Tonight I cut up the last tomato from my garden into fat slices, sprinkled them with seasoned salt, and ate them while leaning against the kitchen counter. I ate slowly, thinking of the time it took for the fruit to perfectly ripen on the vine outside my bedroom window, watching water drip from the glasses in my dish rack, and thinking of my father.

My father was the first person to introduce me to this method of eating a tomato. I think I may have been ten years old, or perhaps twelve. Dad had taken little brother and I to Kensington Metro Park for the day to fish and have fun. There must have been other food -- burgers grilled to Dad's degree of extreme well-doneness in all likelihood -- but whatever else we ate that day is fully eclipsed by the memory of those tomatoes.

He cut them up with his sharp, clean fillet knife and pulled out the Lawry's salt. Although I can't remember what his exact words were, I can hear his voice clearly, saying something like, "Now, have you ever tried tomatoes this way?" Little brother and I shook our heads, No, reveling in this rare summer quality time with Dad, watching as he deliberately and demonstratively sprinkled exactly the right amount of red and orange salt onto the open flesh of the tomatoes. He knew we'd want to remember the steps in order to recreate them some day. Little brother and I ate the sweet and salty fruit, licking the salt and pink juice from our lips, laughing with our father in the Michigan summer sunlight.

Almost every time I eat a tomato with seasoned salt I remember that moment.
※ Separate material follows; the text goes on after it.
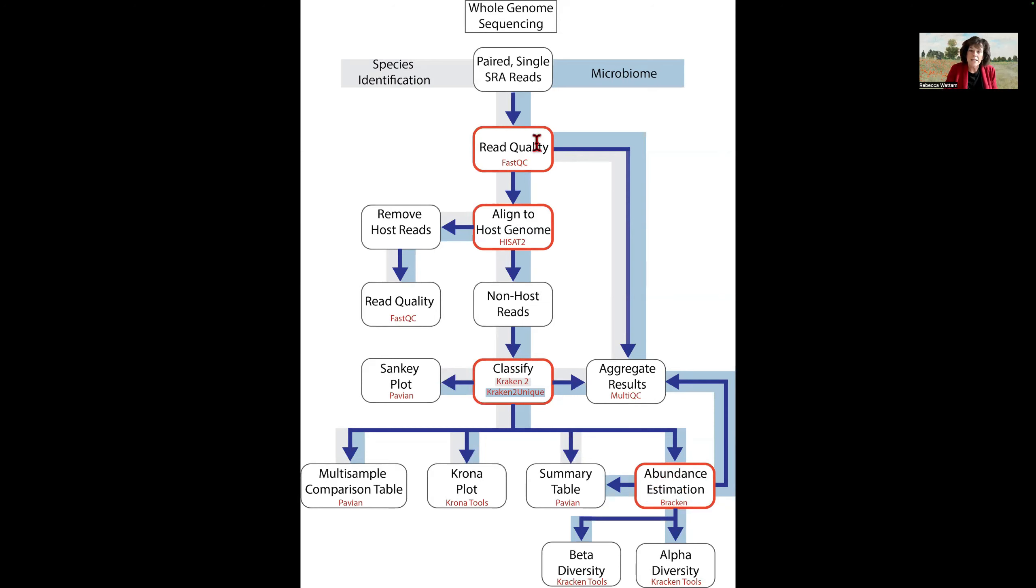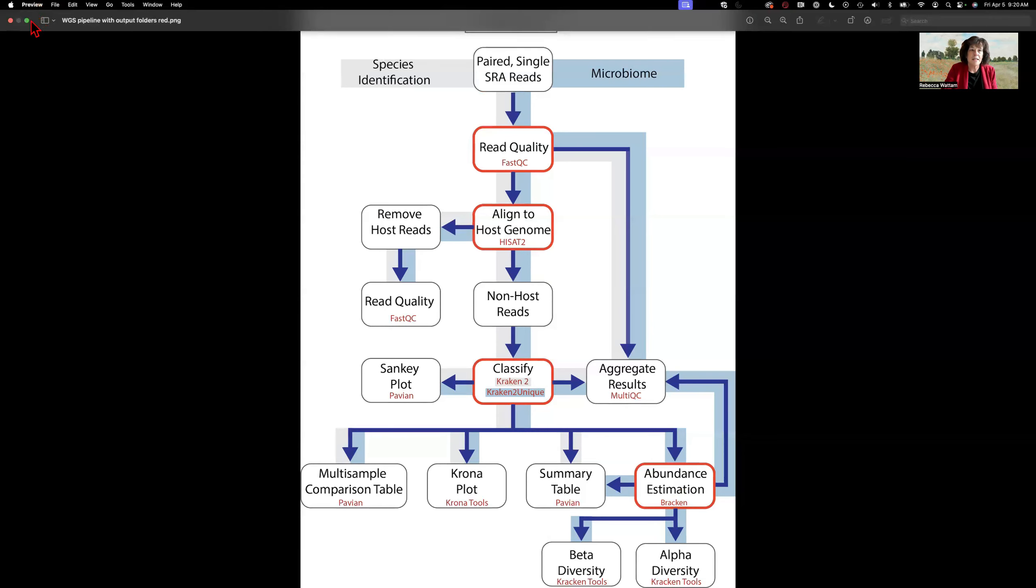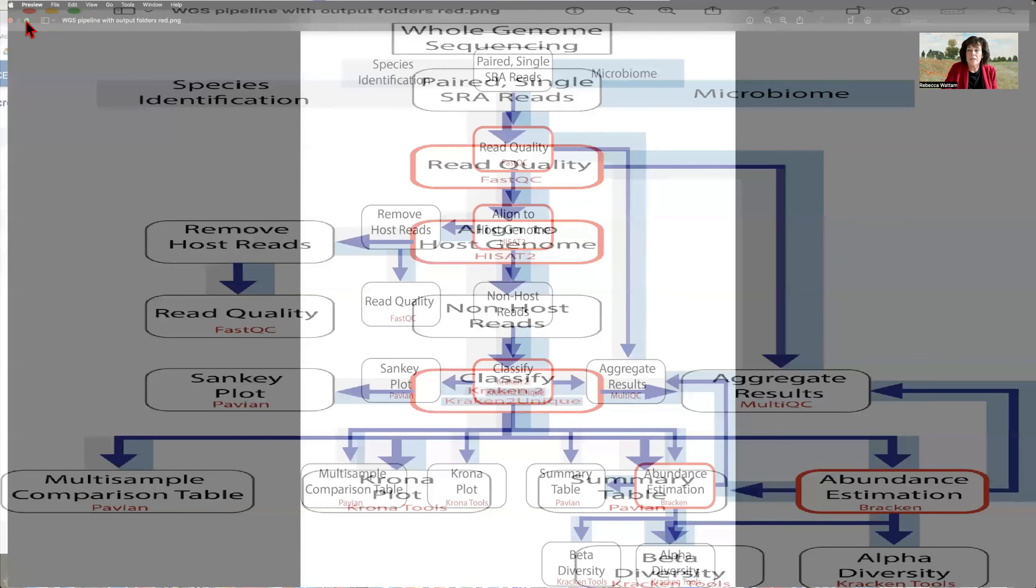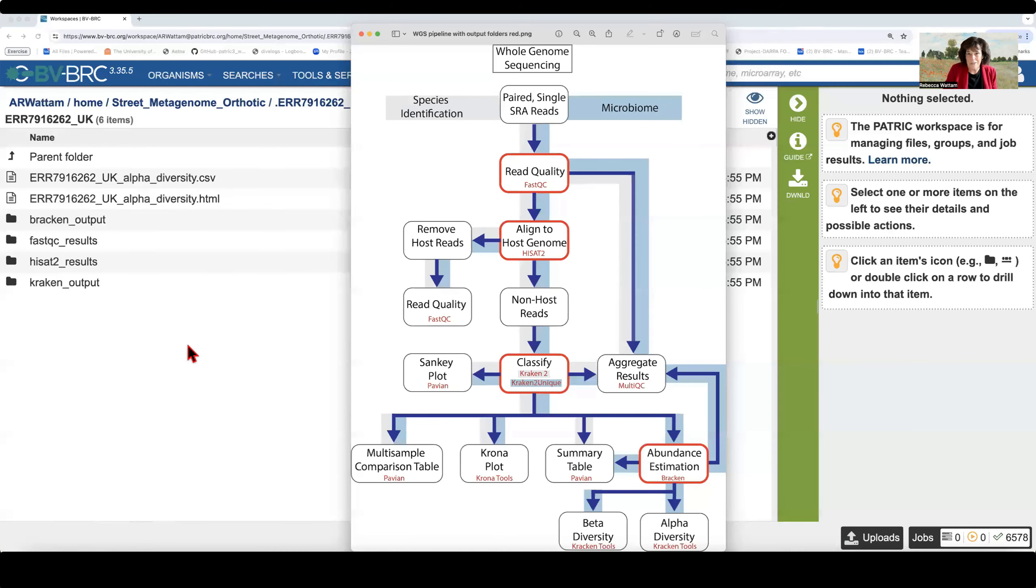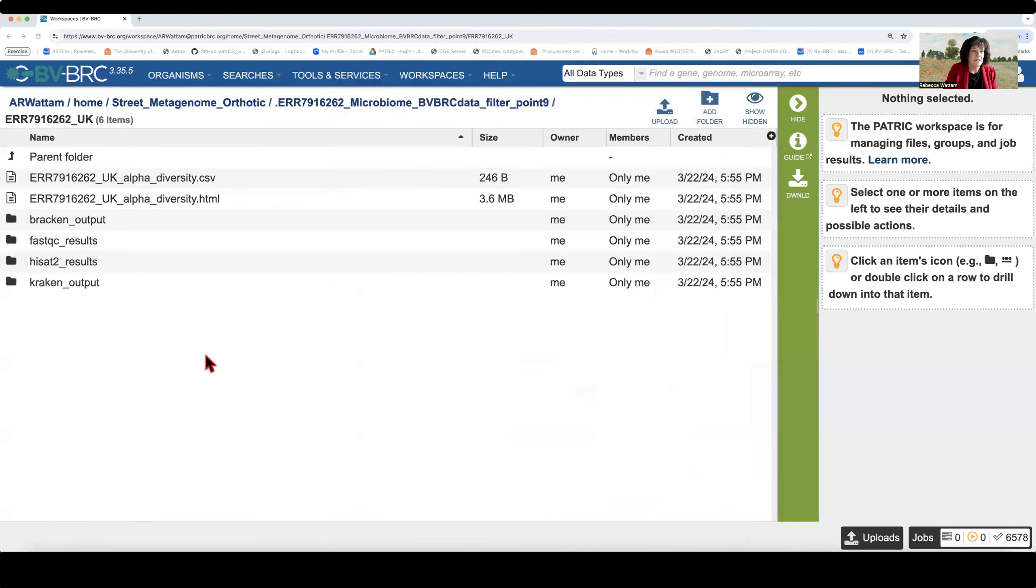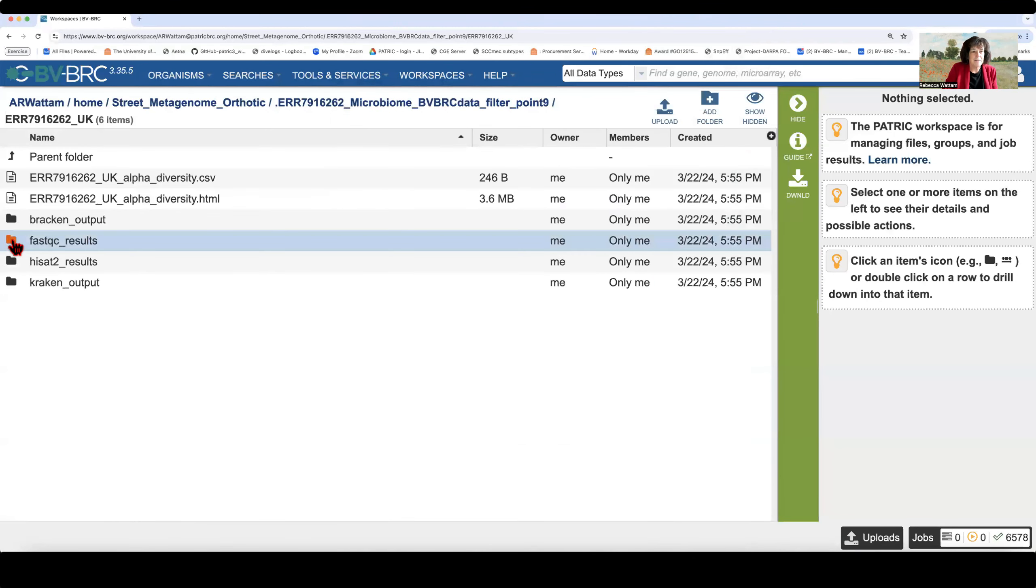So I suggest that we go over these in the order that they occur in the pipeline. And because I control the mouse here, we're going to do what I want. And we're going to start with FastQC, which is read quality. So I click on that.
Everything about the salty slices, from their appearance to the way they feel on my tongue, conjures up that first experience. I have an arsenal of memories like this. Memories that come to me forcefully when I see, hear, taste, smell or touch something. Tonight's tomato reverie was a most welcome surprise.

Lately most of the deep memories are of a man who could not love me, no matter how hard he tried. Some memories are distant, from fourteen years ago; some are closer, from four months ago. There are those that creep up on me, and there are those that arrive suddenly, disruptive and uninvited. It is always a strange, haunted ache that I am left with. I look forward to the day when the ache is surpassed by peaceful acceptance; but in the meantime, while I'm waiting for time to do what only it can, I'll take comfort in the memory of tomatoes.

2 comments:

Ellen said...

Jesse remembers that day as well. I think I was in WI. So glad, that's such a good one.

Hannah Hoskins said...

My raspberry and crepe myrtle tattoo are also inspired from an intense desire to bring my deep memories to the surface...and keep them there. I love your ability to cling to something that means so much.